TCEQ tries its best to hide these hazards. Everything I learned about the dangers of being exposed to volatile organic compounds and methane emissions produced at oil and gas facilities, I learned on my own. When I was pregnant and became hyperconscious of my surroundings, I wondered why investigators were never offered respiratory protection. And, even when my doctor warned me that setting foot on oil and gas sites risked my pregnancy, I was told by my bosses I was still required to complete my workload. 

Moreover, we know the reality is worse than these incomplete data show. Only recently, technologies such as satellites and infrared cameras have brought the true scope of the problem into focus. Studies repeatedly show what we long suspected: The official way of counting emissions—by calculating an estimate based on production rather than measuring actual emissions—fails to account for the true amount of independently observed emissions by half or more.

Producers claim they’re doing everything they can to reduce methane leaks from their facilities, but the data contradicts them, and Texas has abdicated its responsibility to protect its citizens from the dangers posed by our state’s largest industry.
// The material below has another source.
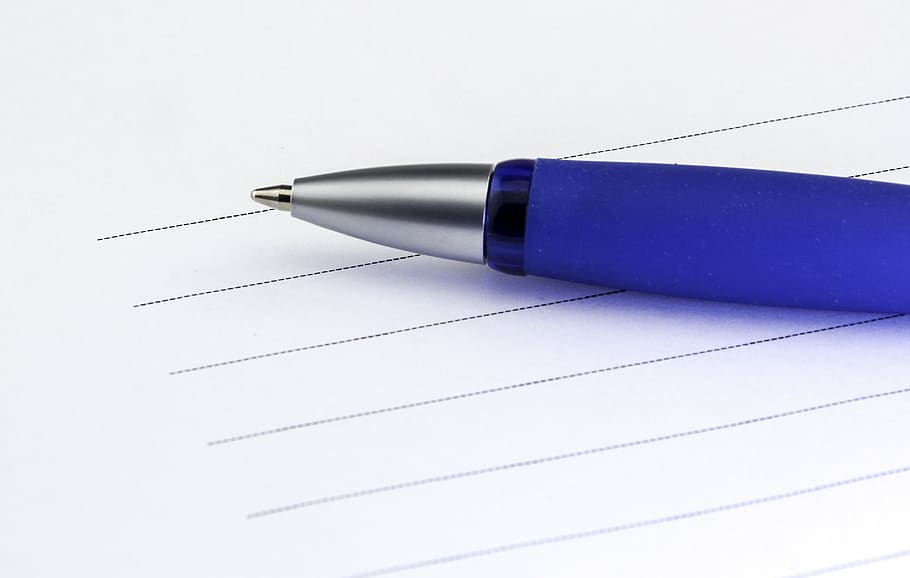 ufficio, Scrivi, carta, penna, gli appunti, righe, Nota, elenco, foglia, documento, foderato, avvicinamento, sfondo bianco, blu, attività commerciale, strumento di scrittura, matita, in casa, nessuno, girato in studio, macro, penna a sfera, Business aziendale, finanza, formazione scolastica, ricchezza, fare soldi, 2K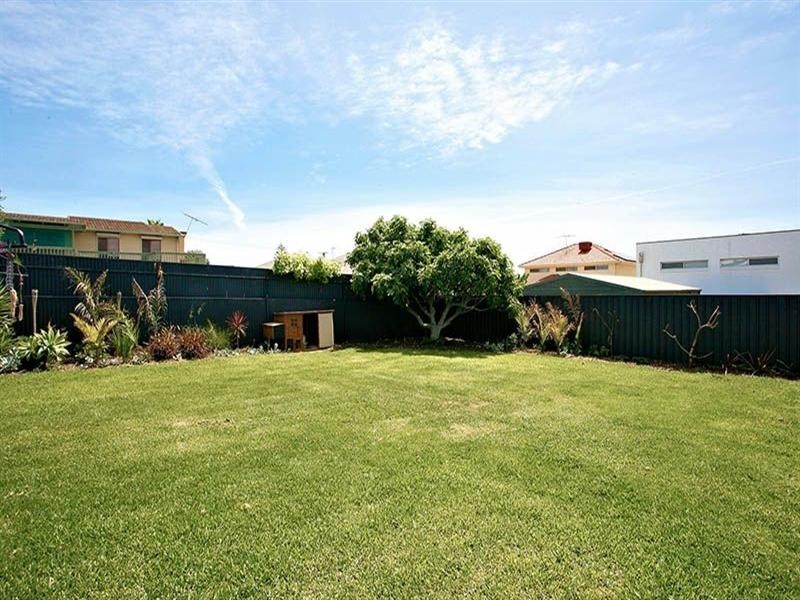 26 Bathurst Avenue, Moana SA 5169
In the absence of stricter rules and enforcement, many industrial plants in Texas feel at liberty to ignore legal limits on air pollution, skip routine maintenance, and operate malfunctioning equipment. 

I’ve seen for myself our system’s inability to protect Texans from dangerous pollution. We can no longer allow Texas to sacrifice our health and safety for big business’ bottom line. We need TCEQ and the U.S. Environmental Protection Agency to write and enforce rules that put the health of our communities—not corporate profits—first.